While he was on his military service, he was part of the Royal Yugoslav Army team that played the Little Entente tournament in 1935 in Bucharest, Romania.

==Coaching career==
He became one of the first professional coaches in Yugoslavia. He started right in 1937 when he took charge of BGŠK archiving impressive results. Before the start of Second World War in 1941, he also coached in Karlovac, a club named ŠK Viktorija. After the war, he coached numerous clubs from and around Zagreb, namely, Grafičar Zagreb, Rade Končar, NK Zagreb, NK Lokomotiva Zagreb, Tekstilac Zagreb, Metalac Zagreb, NK Samobor, NK Radnik Velika Gorica, NK Dolomit Podsused and NK Segesta.
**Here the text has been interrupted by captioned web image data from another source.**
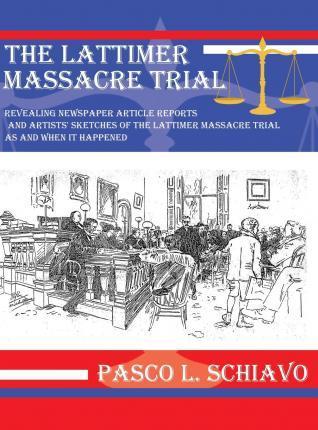 The Lattimer Massacre Trial: Revealing Newspaper Article Reports and Artists' Sketches of the Lattimer Massacre Trial as and When It Happened - Pasco L. Schiavo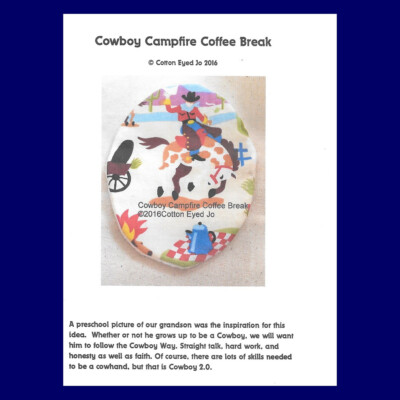 HOWDY PARDNER' ~ Pattern ONLY~ ''Cowboy Campfire Coffee Break''  ~ NEW & ORIGINAL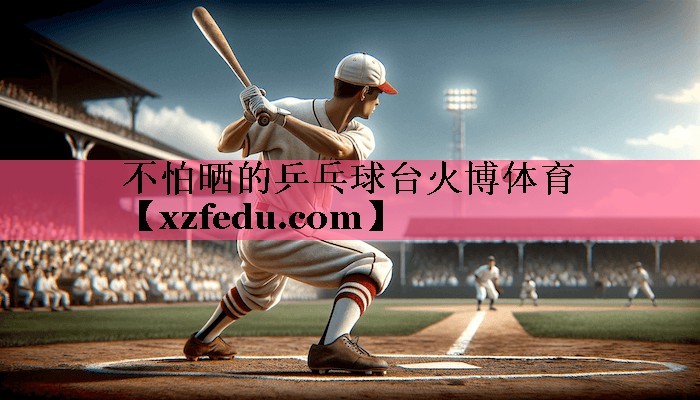 不怕晒的乒乓球台火博体育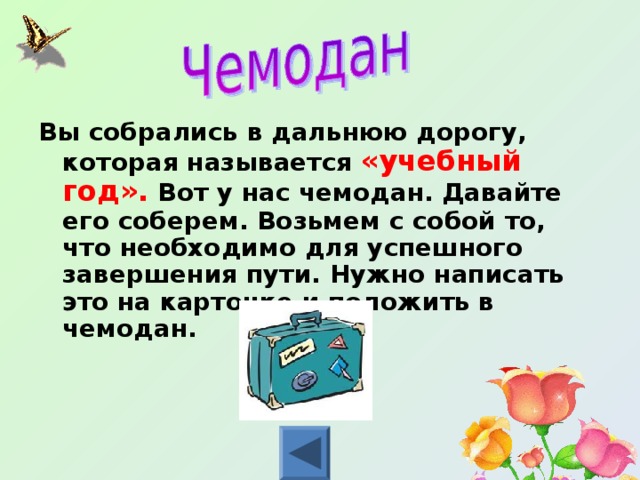 Вы собрались в дальнюю дорогу, которая называется «учебный год». Вот у нас чемодан. Давайте его соберем. Возьмем с собой то, что необходимо для успешного завершения пути. Нужно написать это на карточке и положить в чемодан.    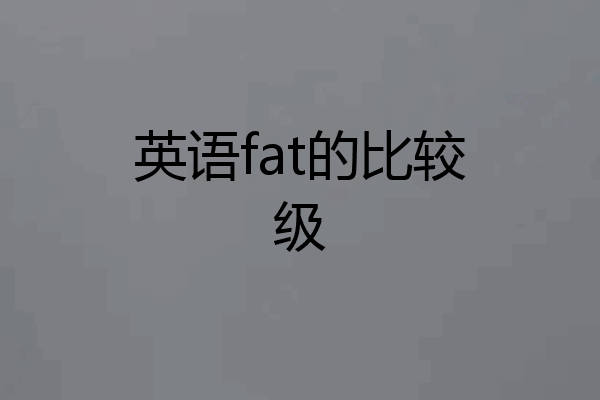 英语fat的比较级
His major achievement was driving NK Samobor from the lower leagues to the national third level.

For many years he was active in several football organisations; between 1971 and 1973 he was president of the Association of Football Coaches of Croatia, between 1971 and 1973, he was member of the direction board of the Association of Football Coaches of Yugoslavia, and between 1978 and 1981 he was the first president of the Council of Football Coaches of Croatia.

==Personal life==
He graduated at the Zagreb State Commercial Academy in 1929 and worked as chief accounting officer at the Zagreb Institute of Health Protection until his retirement in 1965.

He was awarded with the zlatna plaketa by the Football Association of Yugoslavia.

He died on June 22, 1987, in Zagreb.